I ducked down a dark alley because that's how my sister went.
"Nothing exciting comes without a little fear."
It wasn't her line. It was theirs. Copy-righted actually. You can't even say it nowadays without your credits being debited a dollar. I always thought putting the word "fear" in a slogan was strange. Now I realized fear was exactly the word for it.
This dank endless alley wasn't even the worst. Apparently there were doors deep under water, at the tops of the tallest buildings, and behind dressing room mirrors at bathing suit boutiques. As I walked further into the gloom, I told myself this was a long time coming. Before I even thought about life by group designations, I'd thought of myself as a first group kind of person.
And then the doors appeared.
Most people stayed behind during the first Elopement. Sure the impressive "They" offered A Better Life, but how could anyone be sure? Only crack pots went. Then only a few months later, the doors reappeared. And this time, someone walked out of one.

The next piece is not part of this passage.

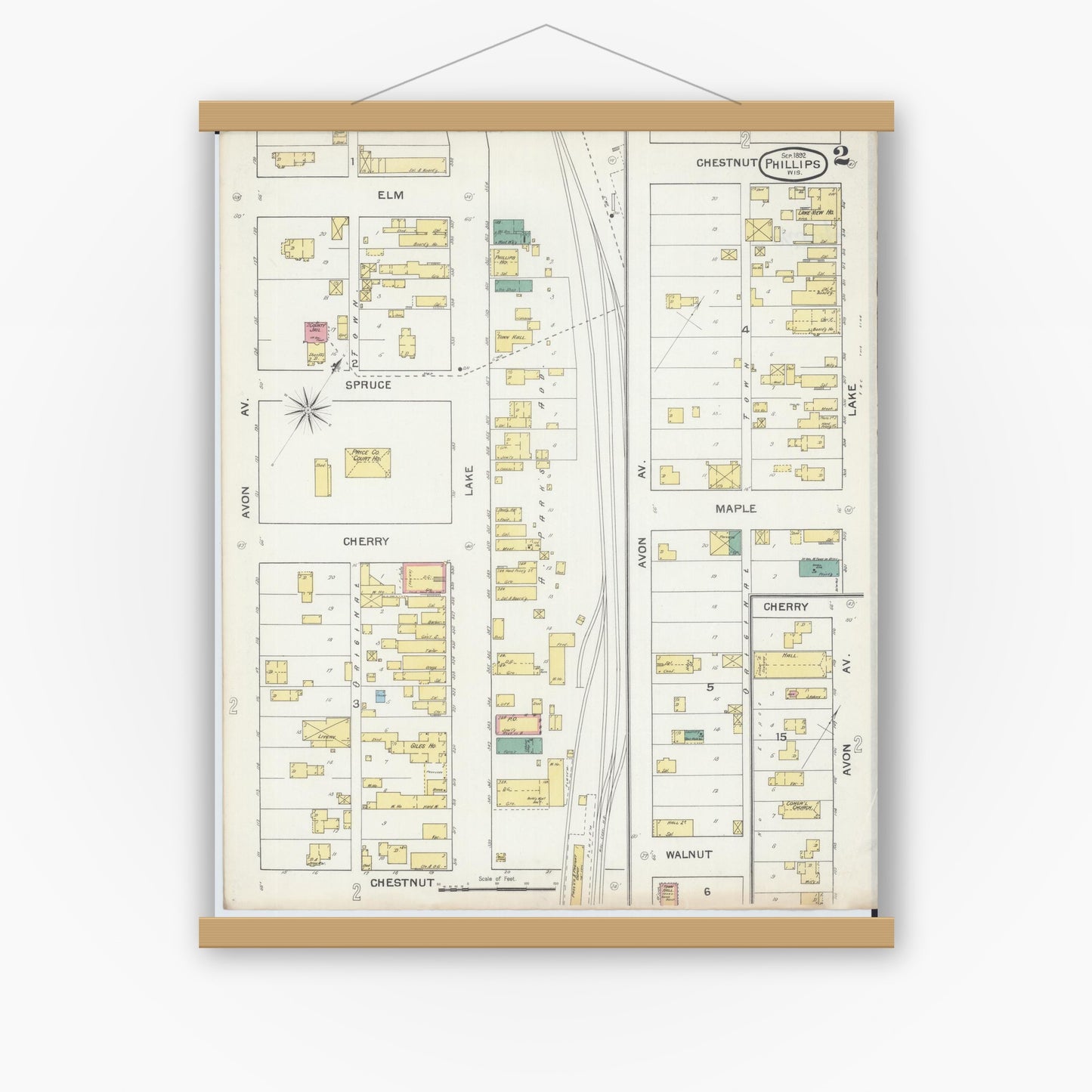 Old map wall art mockup — magnetic wood frame on white wall — Sanborn Fire Insurance Map from Phillips, Price County, Wisconsin (1892), Sheet #0002
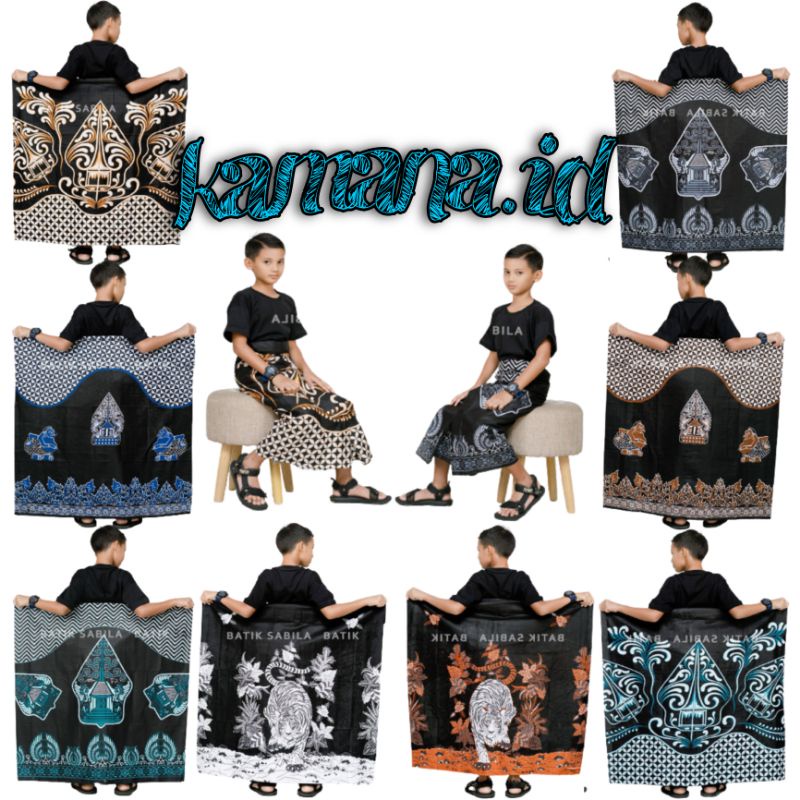 Sarung Batik Anak Motif Wayang Macan | Sarung Anak Santri | Sarung Batik Gunungan | Sarung Batik | S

She'd been a school teacher here. Overworked, overstressed, unloved.
Now, she looked 10 years younger. And you know that feeling you occasionally get when, say, a hawk flies overhead? Of how miraculous this all is? She seemed to live in a constant state of that.
The second Elopement people left in droves. Everyone interesting. You think you hate that person at the party with all the stories until he's gone and you realize all anyone else has to talk about is that five month old video of the dog eating the cupcakes.
For the next few years, I berated myself. I belonged to that second elopement group just like my sister had insisted.
"What's here for you?" she'd asked.
And, "You always say you want to make a change."
Barbara, I could have responded. But that would have made us laugh. Only now did I realize that the answers to her questions were "nothing" and "help me."
Then this past Tuesday, the doors reappeared. "They" said it was the last time.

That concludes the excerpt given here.